Ooh! I'm really interested in geochemistry, the ways same chemical compounds can create vast different strenght structures in different t/p conditions in different formation processes. I never found rocks in particular that interesting, as chemical traces can not be measured easily by eye, but I too have some rare (odd or perfect) crystals and some rocks that are just beautiful or have somehow interesting formation process or extraordinary mineral coalitions. I'm actually really lousy at naming rocks, but give me name and I can tell chemical formula and optical and structural types of that specimen.

One of my favorite minerals is fayalite and I especially like silicon trioxides.

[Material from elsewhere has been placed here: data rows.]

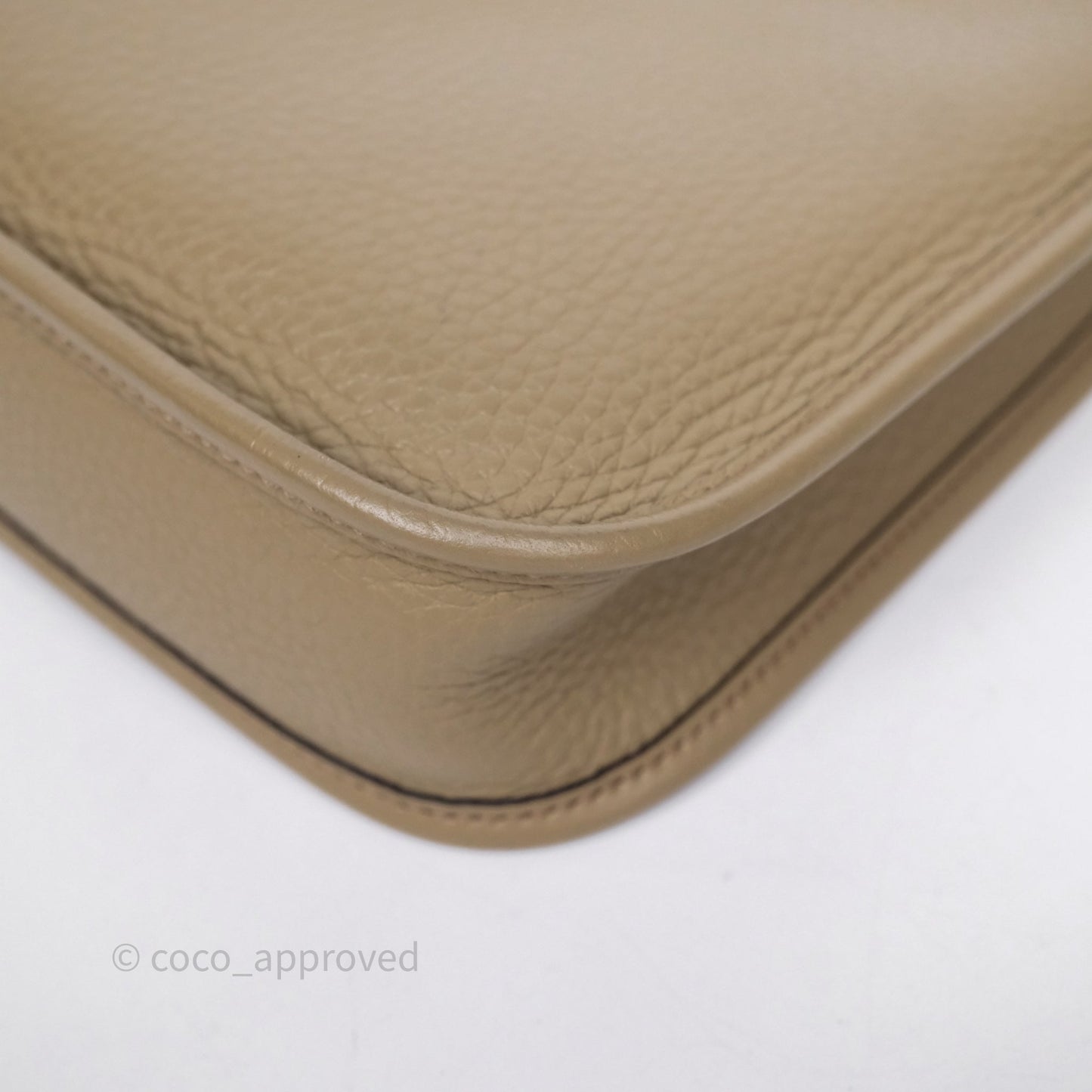 Hermès Mini Evelyne 16 Beige Marfa 8Q Clemence Gold Hardware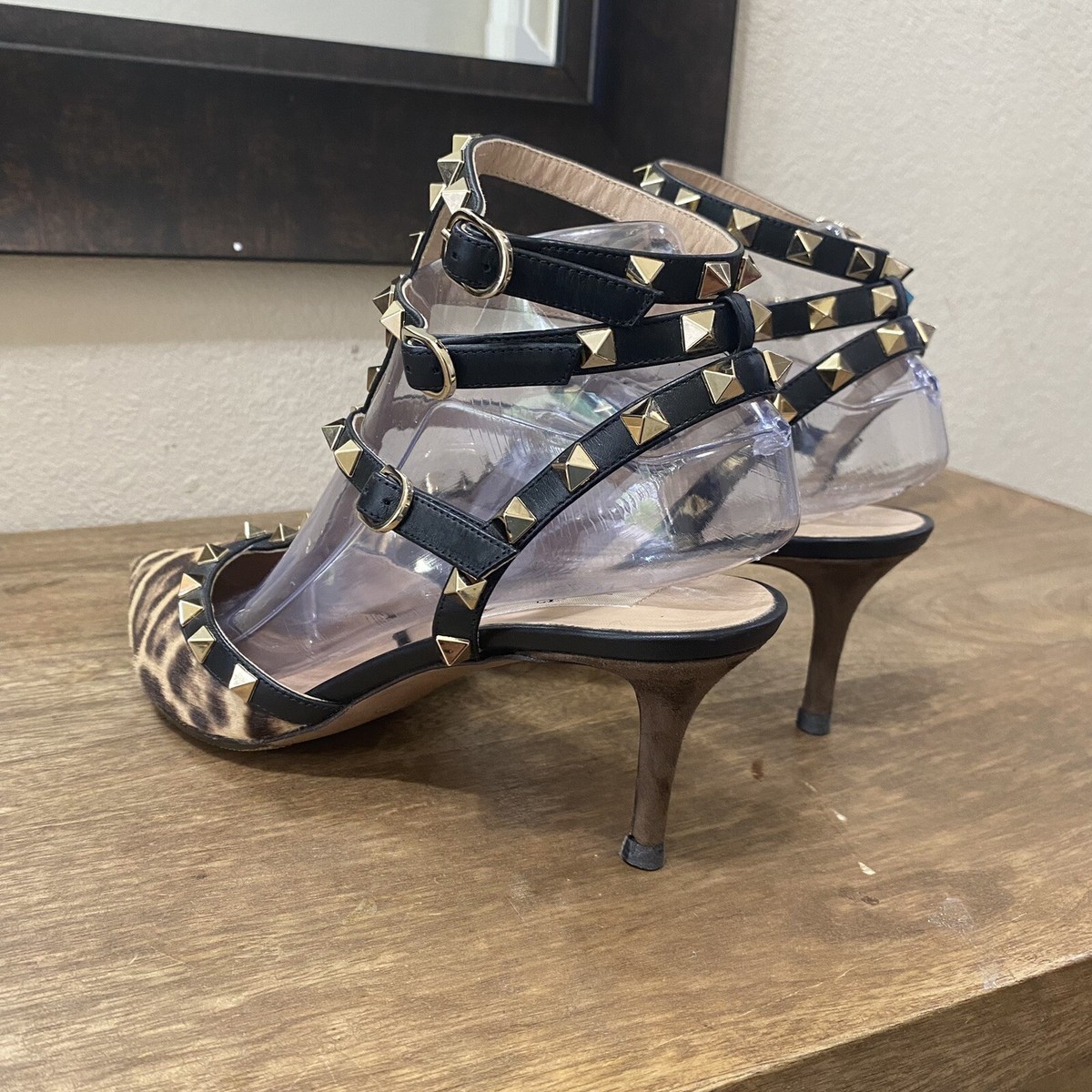 Escarpins Valentino Garavani Rockstud En Cheveux De Veau Taille 36 - Neufs Avec Petits Défauts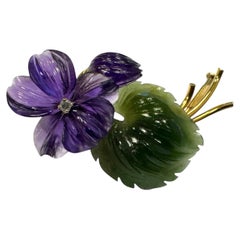 Vintage 14k Yellow Gold Carved Amethyst and Jade Brooch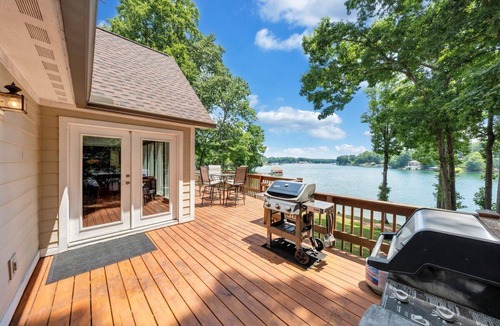 North Shore House | Pappy's Place - Lakefront home with private dock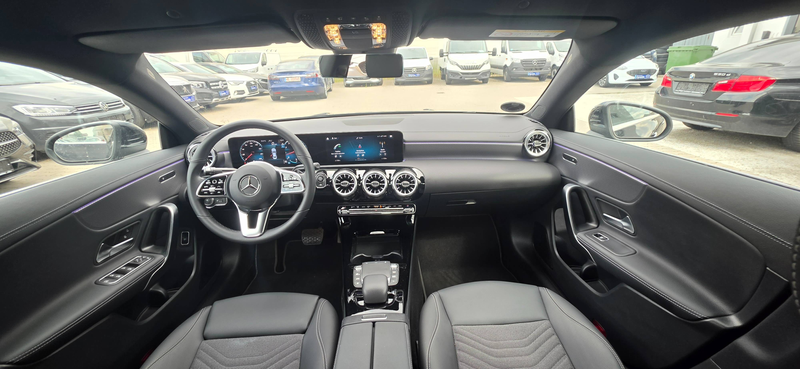 Mercedes-Benz CLA 250 CLA 250 Coupe ACC*LED*AHK*KAMERA*1Hand — photo 9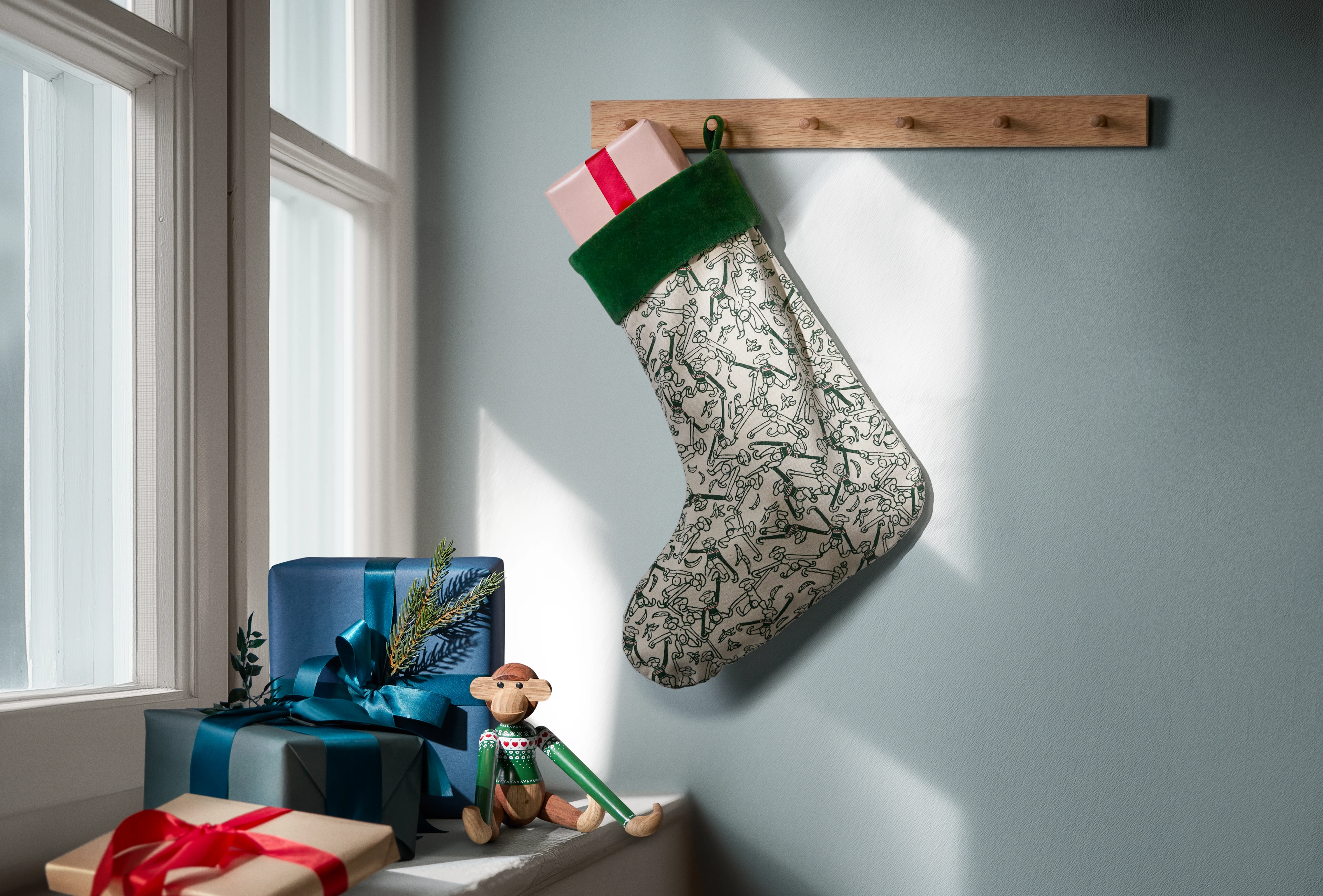 Christmas Jumper Ape 2025 liten fra Kay Bojesen i fargen Grønn, laget av Tre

Tell us about your favorite rocks :)
 
There are so many varieties and I often have trouble choosing which to discuss. I suppose we can start with quartz varieties since there are so many kinds, since quartz is known for it's beauty, and because its so highly abundant on earth. I have so many different kinds. Including some laboratory quartz (commonly called aqua aura, or aqua quartz) It's basically fused with gold, which is what gives it the blue color. I have a double terminated sample it's clear and blue.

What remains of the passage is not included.